[Stored items]
Content starts
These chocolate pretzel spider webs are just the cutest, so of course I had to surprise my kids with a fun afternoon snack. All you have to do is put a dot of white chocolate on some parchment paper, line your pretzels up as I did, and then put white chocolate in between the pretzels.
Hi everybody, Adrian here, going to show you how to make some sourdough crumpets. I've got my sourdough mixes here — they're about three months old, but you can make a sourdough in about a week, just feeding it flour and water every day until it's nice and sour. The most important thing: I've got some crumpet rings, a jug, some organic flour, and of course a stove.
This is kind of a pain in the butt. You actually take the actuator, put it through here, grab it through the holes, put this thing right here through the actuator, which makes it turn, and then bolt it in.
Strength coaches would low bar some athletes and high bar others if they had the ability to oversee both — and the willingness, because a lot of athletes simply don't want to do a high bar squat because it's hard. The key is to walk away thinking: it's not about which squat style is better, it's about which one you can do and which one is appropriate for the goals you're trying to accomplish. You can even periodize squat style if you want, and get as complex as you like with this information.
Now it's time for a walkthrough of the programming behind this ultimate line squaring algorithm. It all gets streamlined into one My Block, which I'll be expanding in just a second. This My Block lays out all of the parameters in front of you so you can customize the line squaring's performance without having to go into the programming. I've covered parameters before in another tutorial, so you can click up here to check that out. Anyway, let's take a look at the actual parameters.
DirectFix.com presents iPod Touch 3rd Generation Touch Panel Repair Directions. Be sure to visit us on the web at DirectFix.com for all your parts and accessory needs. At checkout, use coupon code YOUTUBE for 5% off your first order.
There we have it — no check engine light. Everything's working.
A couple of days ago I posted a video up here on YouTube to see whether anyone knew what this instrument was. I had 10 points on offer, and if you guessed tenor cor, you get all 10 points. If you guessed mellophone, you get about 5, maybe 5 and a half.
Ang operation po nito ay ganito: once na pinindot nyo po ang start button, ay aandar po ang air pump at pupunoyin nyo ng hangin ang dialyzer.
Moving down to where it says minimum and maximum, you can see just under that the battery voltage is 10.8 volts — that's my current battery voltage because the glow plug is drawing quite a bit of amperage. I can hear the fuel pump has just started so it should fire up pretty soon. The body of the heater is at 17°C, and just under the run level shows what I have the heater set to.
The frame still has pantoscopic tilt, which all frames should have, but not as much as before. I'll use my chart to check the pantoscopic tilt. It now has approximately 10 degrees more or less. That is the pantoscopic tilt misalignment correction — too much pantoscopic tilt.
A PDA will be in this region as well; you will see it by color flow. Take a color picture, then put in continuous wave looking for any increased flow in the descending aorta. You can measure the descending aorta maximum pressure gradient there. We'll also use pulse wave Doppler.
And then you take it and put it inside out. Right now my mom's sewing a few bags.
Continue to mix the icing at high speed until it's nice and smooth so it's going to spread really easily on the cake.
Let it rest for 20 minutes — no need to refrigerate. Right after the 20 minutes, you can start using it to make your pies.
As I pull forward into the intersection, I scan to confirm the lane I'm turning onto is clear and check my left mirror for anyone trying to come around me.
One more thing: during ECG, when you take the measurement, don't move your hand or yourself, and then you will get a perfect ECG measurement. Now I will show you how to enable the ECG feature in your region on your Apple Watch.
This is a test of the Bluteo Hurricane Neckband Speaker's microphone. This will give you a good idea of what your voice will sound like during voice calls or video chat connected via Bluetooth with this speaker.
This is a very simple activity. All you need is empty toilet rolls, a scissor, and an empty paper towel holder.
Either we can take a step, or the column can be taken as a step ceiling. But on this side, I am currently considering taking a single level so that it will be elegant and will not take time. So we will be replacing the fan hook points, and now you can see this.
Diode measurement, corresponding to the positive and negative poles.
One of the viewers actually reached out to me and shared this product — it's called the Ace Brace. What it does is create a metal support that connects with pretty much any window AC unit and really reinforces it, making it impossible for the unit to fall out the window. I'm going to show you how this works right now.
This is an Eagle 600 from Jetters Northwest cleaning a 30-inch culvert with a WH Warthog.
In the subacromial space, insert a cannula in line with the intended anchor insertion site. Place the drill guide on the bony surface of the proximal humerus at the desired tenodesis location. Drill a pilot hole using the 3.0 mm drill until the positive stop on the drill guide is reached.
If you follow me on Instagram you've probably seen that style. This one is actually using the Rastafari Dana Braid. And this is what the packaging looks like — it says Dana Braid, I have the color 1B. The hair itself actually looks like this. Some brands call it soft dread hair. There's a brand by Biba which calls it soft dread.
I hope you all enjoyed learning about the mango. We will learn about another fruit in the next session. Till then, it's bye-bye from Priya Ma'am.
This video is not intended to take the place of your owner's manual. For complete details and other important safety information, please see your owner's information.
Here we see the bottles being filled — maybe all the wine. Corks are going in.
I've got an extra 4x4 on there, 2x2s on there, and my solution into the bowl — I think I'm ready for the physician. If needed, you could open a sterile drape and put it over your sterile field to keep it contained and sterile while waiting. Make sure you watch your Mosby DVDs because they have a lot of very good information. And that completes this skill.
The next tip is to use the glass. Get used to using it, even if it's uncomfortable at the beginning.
Content ends
* _What you need to do_: In this exercise, repeat all entries exactly.

* _Answer section_:
These chocolate pretzel spider webs are just the cutest, so of course I had to surprise my kids with a fun afternoon snack. All you have to do is put a dot of white chocolate on some parchment paper, line your pretzels up as I did, and then put white chocolate in between the pretzels.
Hi everybody, Adrian here, going to show you how to make some sourdough crumpets. I've got my sourdough mixes here — they're about three months old, but you can make a sourdough in about a week, just feeding it flour and water every day until it's nice and sour. The most important thing: I've got some crumpet rings, a jug, some organic flour, and of course a stove.
This is kind of a pain in the butt. You actually take the actuator, put it through here, grab it through the holes, put this thing right here through the actuator, which makes it turn, and then bolt it in.
Strength coaches would low bar some athletes and high bar others if they had the ability to oversee both — and the willingness, because a lot of athletes simply don't want to do a high bar squat because it's hard. The key is to walk away thinking: it's not about which squat style is better, it's about which one you can do and which one is appropriate for the goals you're trying to accomplish. You can even periodize squat style if you want, and get as complex as you like with this information.
Now it's time for a walkthrough of the programming behind this ultimate line squaring algorithm. It all gets streamlined into one My Block, which I'll be expanding in just a second. This My Block lays out all of the parameters in front of you so you can customize the line squaring's performance without having to go into the programming. I've covered parameters before in another tutorial, so you can click up here to check that out. Anyway, let's take a look at the actual parameters.
DirectFix.com presents iPod Touch 3rd Generation Touch Panel Repair Directions. Be sure to visit us on the web at DirectFix.com for all your parts and accessory needs. At checkout, use coupon code YOUTUBE for 5% off your first order.
There we have it — no check engine light. Everything's working.
A couple of days ago I posted a video up here on YouTube to see whether anyone knew what this instrument was. I had 10 points on offer, and if you guessed tenor cor, you get all 10 points. If you guessed mellophone, you get about 5, maybe 5 and a half.
Ang operation po nito ay ganito: once na pinindot nyo po ang start button, ay aandar po ang air pump at pupunoyin nyo ng hangin ang dialyzer.
Moving down to where it says minimum and maximum, you can see just under that the battery voltage is 10.8 volts — that's my current battery voltage because the glow plug is drawing quite a bit of amperage. I can hear the fuel pump has just started so it should fire up pretty soon. The body of the heater is at 17°C, and just under the run level shows what I have the heater set to.
The frame still has pantoscopic tilt, which all frames should have, but not as much as before. I'll use my chart to check the pantoscopic tilt. It now has approximately 10 degrees more or less. That is the pantoscopic tilt misalignment correction — too much pantoscopic tilt.
A PDA will be in this region as well; you will see it by color flow. Take a color picture, then put in continuous wave looking for any increased flow in the descending aorta. You can measure the descending aorta maximum pressure gradient there. We'll also use pulse wave Doppler.
And then you take it and put it inside out. Right now my mom's sewing a few bags.
Continue to mix the icing at high speed until it's nice and smooth so it's going to spread really easily on the cake.
Let it rest for 20 minutes — no need to refrigerate. Right after the 20 minutes, you can start using it to make your pies.
As I pull forward into the intersection, I scan to confirm the lane I'm turning onto is clear and check my left mirror for anyone trying to come around me.
One more thing: during ECG, when you take the measurement, don't move your hand or yourself, and then you will get a perfect ECG measurement. Now I will show you how to enable the ECG feature in your region on your Apple Watch.
This is a test of the Bluteo Hurricane Neckband Speaker's microphone. This will give you a good idea of what your voice will sound like during voice calls or video chat connected via Bluetooth with this speaker.
This is a very simple activity. All you need is empty toilet rolls, a scissor, and an empty paper towel holder.
Either we can take a step, or the column can be taken as a step ceiling. But on this side, I am currently considering taking a single level so that it will be elegant and will not take time. So we will be replacing the fan hook points, and now you can see this.
Diode measurement, corresponding to the positive and negative poles.
One of the viewers actually reached out to me and shared this product — it's called the Ace Brace. What it does is create a metal support that connects with pretty much any window AC unit and really reinforces it, making it impossible for the unit to fall out the window. I'm going to show you how this works right now.
This is an Eagle 600 from Jetters Northwest cleaning a 30-inch culvert with a WH Warthog.
In the subacromial space, insert a cannula in line with the intended anchor insertion site. Place the drill guide on the bony surface of the proximal humerus at the desired tenodesis location. Drill a pilot hole using the 3.0 mm drill until the positive stop on the drill guide is reached.
If you follow me on Instagram you've probably seen that style. This one is actually using the Rastafari Dana Braid. And this is what the packaging looks like — it says Dana Braid, I have the color 1B. The hair itself actually looks like this. Some brands call it soft dread hair. There's a brand by Biba which calls it soft dread.
I hope you all enjoyed learning about the mango. We will learn about another fruit in the next session. Till then, it's bye-bye from Priya Ma'am.
This video is not intended to take the place of your owner's manual. For complete details and other important safety information, please see your owner's information.
Here we see the bottles being filled — maybe all the wine. Corks are going in.
I've got an extra 4x4 on there, 2x2s on there, and my solution into the bowl — I think I'm ready for the physician. If needed, you could open a sterile drape and put it over your sterile field to keep it contained and sterile while waiting. Make sure you watch your Mosby DVDs because they have a lot of very good information. And that completes this skill.
The next tip is to use the glass. Get used to using it, even if it's uncomfortable at the beginning.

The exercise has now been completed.